Born in England in 1966, French arrived in India as a young journalist in 1998, for a New Yorker assignment. When he first met Naipaul, French is said to have complained about the famously fastidious fact-checkers in the magazine. “Don’t let The New Yorker worry you,” Naipaul reportedly said: “The New Yorker knows nothing about writing. Nothing. Writing an article there is like posting a letter in a Venezuelan postbox; nobody will read it.” Around three years after this meeting, French was invited to write an authorised biography of the Nobel laureate, titled: The World Is What It Is (2008). It went on to win the National Book Critics Circle Award. French has been bestowed with several other accolades including the Sunday Times Young Writer of the Year and the Somerset Maugham Award.
In a famous literary feud, novelist Pankaj Mishra had called historian Patrick French “a Curzon without an Empire,” skewering his biography, ‘India: A Portrait’, as glossing over the country’s poverty. French had shot back saying, “it is the cheapest shot in the locker to compare any foreigner you disagree with to a British imperialist,” and calling attention to Mishra’s own elite connections.
“He was coming at the end of a line of English travel writers and biographers who were reviewing the new world and histories created by colonialism but at the same time, he was amongst a new line of Western people engaging with a new India.

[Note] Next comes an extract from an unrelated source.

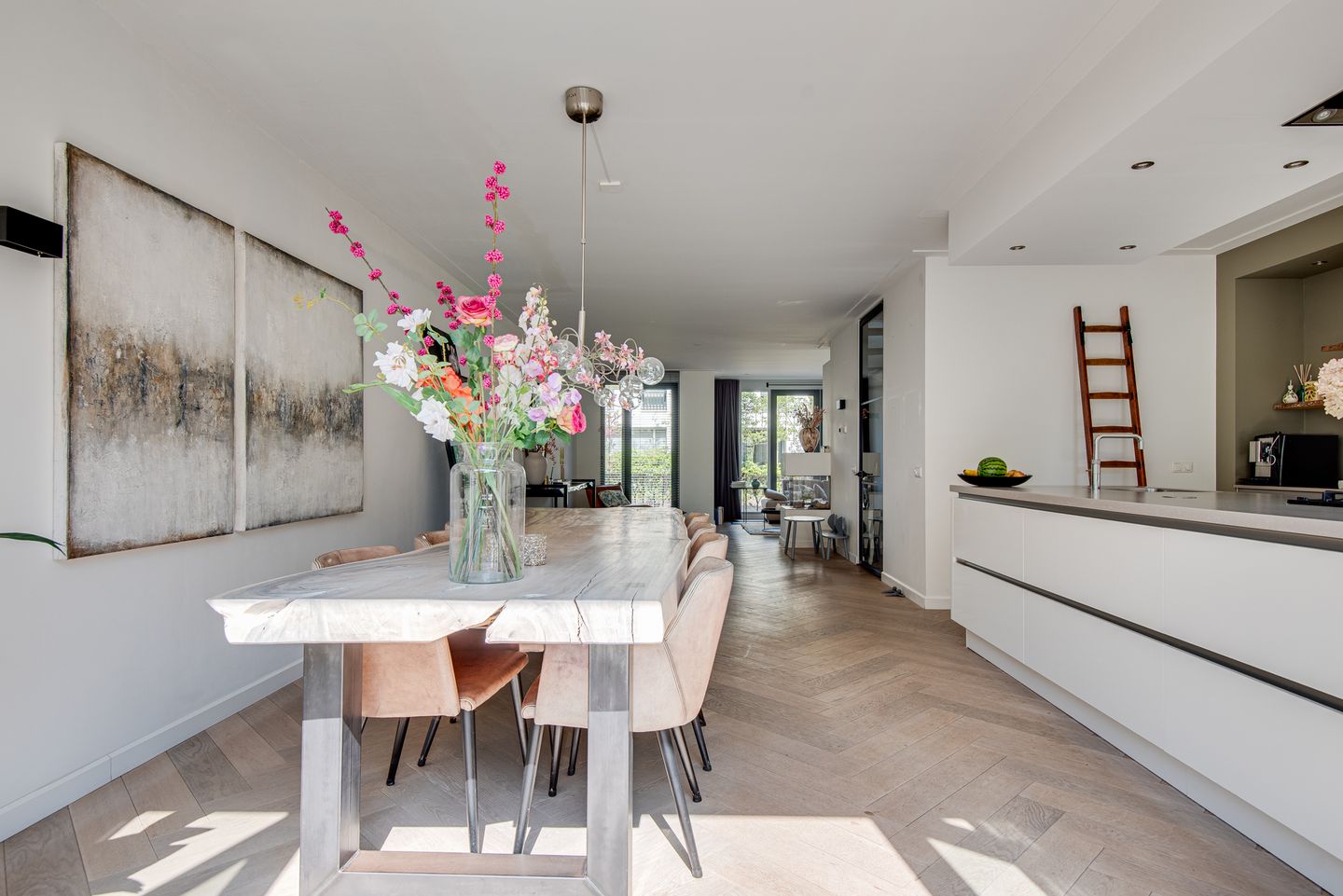 Photo 10 of Honingklaverstraat 3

He may have been a bit more upbeat about this new India than many of us, but it points to a kind of generosity that he invested in it as an observer and as a writer,” says novelist, poet, essayist, critic and composer Amit Chaudhuri who had a “relaxed and jokey” dynamic with French. Naipaul was a shared interest between them. They often ran into each other in Kolkata. Chaudhuri and French had conducted a non-fiction writing workshop together in 2013. “I once went to Someplace Else (a Live music venue) with him. And I remember him saying how one could never escape Hotel California in India,” recalls Chaudhuri, who last interacted with French at the University of East Anglia when French wanted to access the archives for a biography of British novelist Doris Lessing. “But after that, he fell ill.’